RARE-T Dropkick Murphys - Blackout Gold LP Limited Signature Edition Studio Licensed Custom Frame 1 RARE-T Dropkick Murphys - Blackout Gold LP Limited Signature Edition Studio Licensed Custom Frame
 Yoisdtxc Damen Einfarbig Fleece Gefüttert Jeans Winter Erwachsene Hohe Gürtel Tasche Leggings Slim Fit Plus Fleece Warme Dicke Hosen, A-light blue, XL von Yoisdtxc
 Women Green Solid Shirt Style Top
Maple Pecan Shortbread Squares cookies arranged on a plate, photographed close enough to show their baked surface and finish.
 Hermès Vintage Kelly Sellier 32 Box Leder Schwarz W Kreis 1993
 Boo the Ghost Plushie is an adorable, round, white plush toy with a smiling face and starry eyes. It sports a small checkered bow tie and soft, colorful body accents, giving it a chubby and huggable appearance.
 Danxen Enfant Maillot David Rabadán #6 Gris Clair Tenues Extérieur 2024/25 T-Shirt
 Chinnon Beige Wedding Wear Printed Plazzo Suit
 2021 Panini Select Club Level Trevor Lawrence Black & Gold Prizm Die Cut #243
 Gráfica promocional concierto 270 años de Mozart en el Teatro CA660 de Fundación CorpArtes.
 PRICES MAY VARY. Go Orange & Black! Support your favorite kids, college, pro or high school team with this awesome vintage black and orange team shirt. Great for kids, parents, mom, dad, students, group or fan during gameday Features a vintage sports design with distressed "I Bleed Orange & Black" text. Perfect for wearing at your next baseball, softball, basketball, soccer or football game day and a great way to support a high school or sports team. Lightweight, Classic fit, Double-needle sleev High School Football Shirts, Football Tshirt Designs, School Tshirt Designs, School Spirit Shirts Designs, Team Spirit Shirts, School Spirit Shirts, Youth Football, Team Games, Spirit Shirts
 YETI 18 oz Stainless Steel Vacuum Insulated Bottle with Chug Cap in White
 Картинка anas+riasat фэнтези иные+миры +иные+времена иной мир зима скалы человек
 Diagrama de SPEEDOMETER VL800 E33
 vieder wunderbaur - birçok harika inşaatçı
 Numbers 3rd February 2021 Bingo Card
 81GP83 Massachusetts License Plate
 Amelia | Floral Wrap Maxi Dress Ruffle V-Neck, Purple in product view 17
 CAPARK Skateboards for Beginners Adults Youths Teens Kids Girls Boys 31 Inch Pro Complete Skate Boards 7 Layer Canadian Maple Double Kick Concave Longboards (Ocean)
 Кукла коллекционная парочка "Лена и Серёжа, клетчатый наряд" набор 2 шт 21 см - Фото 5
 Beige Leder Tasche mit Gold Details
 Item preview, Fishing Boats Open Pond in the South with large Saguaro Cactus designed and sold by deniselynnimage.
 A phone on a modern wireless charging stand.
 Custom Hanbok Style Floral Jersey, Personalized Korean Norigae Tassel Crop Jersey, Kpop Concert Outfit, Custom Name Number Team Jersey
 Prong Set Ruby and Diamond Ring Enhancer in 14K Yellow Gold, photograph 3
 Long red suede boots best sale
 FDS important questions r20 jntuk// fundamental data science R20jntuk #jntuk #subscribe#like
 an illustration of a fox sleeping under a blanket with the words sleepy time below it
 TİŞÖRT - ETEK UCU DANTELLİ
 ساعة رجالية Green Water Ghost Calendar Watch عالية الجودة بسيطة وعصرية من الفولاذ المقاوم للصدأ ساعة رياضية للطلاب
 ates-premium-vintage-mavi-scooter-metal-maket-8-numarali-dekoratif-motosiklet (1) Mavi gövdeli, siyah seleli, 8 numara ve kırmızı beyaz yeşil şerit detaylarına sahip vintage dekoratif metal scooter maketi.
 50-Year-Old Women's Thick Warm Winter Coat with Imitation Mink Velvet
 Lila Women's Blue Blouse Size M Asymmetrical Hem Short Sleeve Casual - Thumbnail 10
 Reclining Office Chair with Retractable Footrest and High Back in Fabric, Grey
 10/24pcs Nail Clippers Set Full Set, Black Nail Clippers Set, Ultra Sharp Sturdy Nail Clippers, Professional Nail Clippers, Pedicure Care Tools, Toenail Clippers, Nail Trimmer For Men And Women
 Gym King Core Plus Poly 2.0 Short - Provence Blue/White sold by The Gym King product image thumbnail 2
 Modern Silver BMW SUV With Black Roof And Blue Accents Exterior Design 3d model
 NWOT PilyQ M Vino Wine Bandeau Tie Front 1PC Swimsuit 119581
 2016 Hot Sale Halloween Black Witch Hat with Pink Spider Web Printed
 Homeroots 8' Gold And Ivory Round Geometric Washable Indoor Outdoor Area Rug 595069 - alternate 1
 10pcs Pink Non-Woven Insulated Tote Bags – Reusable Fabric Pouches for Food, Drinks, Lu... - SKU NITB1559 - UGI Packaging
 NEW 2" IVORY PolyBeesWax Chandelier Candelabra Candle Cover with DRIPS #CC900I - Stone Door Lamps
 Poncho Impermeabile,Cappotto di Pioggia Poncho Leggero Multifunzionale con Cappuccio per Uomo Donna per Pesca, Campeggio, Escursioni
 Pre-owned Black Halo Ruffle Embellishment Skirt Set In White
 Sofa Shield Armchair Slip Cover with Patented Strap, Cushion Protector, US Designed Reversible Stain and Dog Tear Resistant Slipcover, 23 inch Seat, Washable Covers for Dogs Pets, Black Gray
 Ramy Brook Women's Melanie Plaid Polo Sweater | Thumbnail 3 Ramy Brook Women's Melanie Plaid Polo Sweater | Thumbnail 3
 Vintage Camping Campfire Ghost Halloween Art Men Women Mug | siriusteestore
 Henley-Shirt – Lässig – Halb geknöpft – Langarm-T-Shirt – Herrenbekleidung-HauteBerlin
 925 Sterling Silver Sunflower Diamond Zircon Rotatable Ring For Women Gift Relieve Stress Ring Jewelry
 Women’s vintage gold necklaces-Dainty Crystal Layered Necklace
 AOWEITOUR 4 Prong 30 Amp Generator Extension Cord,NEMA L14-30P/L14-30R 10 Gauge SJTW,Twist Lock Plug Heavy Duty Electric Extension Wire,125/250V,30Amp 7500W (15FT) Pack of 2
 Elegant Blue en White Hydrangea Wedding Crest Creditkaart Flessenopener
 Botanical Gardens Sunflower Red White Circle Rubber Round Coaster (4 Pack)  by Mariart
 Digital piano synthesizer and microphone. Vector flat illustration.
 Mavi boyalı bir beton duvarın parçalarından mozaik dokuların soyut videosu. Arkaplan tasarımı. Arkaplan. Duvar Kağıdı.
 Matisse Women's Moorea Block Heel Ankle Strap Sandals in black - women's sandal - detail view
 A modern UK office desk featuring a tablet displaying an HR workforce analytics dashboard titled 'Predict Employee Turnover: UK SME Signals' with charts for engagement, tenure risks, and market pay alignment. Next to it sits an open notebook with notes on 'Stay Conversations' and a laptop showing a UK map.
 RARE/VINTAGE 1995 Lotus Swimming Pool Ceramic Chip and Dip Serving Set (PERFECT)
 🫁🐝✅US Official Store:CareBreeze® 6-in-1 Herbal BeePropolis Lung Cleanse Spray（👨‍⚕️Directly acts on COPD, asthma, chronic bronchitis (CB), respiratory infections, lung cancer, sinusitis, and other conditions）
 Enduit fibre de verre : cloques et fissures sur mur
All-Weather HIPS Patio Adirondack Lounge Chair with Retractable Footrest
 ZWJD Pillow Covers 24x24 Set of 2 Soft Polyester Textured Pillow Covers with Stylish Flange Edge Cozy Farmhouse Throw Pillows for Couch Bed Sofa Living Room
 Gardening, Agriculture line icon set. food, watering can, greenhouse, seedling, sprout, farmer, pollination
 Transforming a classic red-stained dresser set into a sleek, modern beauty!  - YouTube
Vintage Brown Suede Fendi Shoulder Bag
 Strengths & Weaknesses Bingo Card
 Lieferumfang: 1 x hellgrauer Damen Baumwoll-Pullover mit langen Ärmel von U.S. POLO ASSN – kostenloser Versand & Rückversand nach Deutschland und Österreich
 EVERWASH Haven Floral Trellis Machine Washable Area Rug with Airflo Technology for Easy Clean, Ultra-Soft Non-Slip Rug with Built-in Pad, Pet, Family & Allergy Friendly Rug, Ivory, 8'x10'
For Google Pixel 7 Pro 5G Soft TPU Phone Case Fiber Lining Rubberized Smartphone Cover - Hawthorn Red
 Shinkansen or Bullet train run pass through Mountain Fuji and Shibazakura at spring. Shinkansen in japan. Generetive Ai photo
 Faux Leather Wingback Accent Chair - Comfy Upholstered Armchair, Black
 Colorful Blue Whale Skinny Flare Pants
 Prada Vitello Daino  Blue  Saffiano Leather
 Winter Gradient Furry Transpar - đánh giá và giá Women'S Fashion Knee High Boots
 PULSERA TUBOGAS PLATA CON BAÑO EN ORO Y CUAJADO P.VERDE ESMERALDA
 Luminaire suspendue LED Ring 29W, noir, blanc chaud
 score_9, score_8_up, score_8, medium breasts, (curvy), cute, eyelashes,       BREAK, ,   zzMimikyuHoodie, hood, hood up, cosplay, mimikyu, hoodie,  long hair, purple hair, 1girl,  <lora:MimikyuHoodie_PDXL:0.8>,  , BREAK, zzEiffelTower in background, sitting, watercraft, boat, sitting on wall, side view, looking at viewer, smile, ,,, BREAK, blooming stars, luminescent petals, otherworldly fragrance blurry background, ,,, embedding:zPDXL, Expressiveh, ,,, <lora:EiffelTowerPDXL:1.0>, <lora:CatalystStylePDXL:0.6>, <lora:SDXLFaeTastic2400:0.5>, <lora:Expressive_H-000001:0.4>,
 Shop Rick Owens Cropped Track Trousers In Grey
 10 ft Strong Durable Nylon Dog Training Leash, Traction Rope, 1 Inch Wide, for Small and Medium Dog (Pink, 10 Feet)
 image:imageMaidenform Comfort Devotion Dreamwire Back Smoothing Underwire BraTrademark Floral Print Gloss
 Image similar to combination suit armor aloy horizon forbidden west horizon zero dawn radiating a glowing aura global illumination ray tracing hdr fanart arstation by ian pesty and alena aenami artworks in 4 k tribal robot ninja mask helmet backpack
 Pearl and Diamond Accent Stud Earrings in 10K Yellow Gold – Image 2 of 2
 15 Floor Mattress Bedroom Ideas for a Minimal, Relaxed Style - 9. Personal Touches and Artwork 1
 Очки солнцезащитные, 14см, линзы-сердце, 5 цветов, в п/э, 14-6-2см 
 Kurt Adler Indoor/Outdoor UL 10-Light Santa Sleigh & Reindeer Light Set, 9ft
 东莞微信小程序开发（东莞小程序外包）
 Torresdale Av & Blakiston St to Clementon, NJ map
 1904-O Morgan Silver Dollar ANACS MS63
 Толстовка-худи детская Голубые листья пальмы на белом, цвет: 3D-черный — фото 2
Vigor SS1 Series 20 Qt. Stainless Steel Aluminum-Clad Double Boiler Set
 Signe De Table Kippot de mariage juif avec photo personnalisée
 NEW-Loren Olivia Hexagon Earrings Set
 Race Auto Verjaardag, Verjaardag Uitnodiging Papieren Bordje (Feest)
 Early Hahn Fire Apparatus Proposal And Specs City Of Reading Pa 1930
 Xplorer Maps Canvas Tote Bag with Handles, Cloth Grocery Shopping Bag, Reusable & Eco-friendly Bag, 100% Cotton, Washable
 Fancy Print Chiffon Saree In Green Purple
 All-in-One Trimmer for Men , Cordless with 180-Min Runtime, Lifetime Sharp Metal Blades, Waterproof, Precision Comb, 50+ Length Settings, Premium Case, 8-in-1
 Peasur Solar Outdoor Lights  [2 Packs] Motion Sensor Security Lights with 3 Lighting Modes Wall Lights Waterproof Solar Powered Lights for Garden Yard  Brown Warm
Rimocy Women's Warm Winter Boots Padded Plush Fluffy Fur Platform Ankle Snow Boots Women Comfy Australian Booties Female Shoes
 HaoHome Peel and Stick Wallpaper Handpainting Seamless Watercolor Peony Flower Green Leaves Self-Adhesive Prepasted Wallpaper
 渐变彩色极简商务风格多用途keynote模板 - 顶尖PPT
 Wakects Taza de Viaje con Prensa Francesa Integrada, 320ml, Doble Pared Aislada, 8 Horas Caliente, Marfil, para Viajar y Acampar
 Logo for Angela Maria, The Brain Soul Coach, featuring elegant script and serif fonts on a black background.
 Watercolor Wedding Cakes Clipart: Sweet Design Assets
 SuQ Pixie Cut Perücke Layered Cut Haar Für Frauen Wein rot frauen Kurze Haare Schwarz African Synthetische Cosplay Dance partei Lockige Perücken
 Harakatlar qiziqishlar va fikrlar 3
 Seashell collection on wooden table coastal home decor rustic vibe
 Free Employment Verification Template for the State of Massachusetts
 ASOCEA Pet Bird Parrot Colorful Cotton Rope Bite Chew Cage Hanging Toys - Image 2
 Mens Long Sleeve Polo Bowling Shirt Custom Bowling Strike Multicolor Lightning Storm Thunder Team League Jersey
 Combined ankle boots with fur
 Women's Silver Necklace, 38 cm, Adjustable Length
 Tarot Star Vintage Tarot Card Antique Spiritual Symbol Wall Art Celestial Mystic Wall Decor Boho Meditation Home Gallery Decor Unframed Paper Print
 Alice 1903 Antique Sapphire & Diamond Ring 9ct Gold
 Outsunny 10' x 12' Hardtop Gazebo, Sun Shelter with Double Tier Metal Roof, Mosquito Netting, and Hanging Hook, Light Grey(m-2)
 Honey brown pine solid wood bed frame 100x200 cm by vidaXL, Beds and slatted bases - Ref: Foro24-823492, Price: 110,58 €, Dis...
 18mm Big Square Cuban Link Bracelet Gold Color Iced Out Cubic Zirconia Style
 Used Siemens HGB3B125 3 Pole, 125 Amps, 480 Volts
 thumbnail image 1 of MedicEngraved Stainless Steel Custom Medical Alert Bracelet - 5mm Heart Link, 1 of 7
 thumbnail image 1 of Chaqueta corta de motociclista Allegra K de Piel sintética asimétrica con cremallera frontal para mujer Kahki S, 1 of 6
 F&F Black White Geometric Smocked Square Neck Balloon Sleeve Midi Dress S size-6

■ **Problem requirements**: Everything from the line with "15 Floor Mattress" through the line with "Толстовка-худи детская Голубые" in the listing above must be retyped exactly, with nothing added.

■ **Solution to this problem**:
 15 Floor Mattress Bedroom Ideas for a Minimal, Relaxed Style - 9. Personal Touches and Artwork 1
 Очки солнцезащитные, 14см, линзы-сердце, 5 цветов, в п/э, 14-6-2см 
 Kurt Adler Indoor/Outdoor UL 10-Light Santa Sleigh & Reindeer Light Set, 9ft
 东莞微信小程序开发（东莞小程序外包）
 Torresdale Av & Blakiston St to Clementon, NJ map
 1904-O Morgan Silver Dollar ANACS MS63
 Толстовка-худи детская Голубые листья пальмы на белом, цвет: 3D-черный — фото 2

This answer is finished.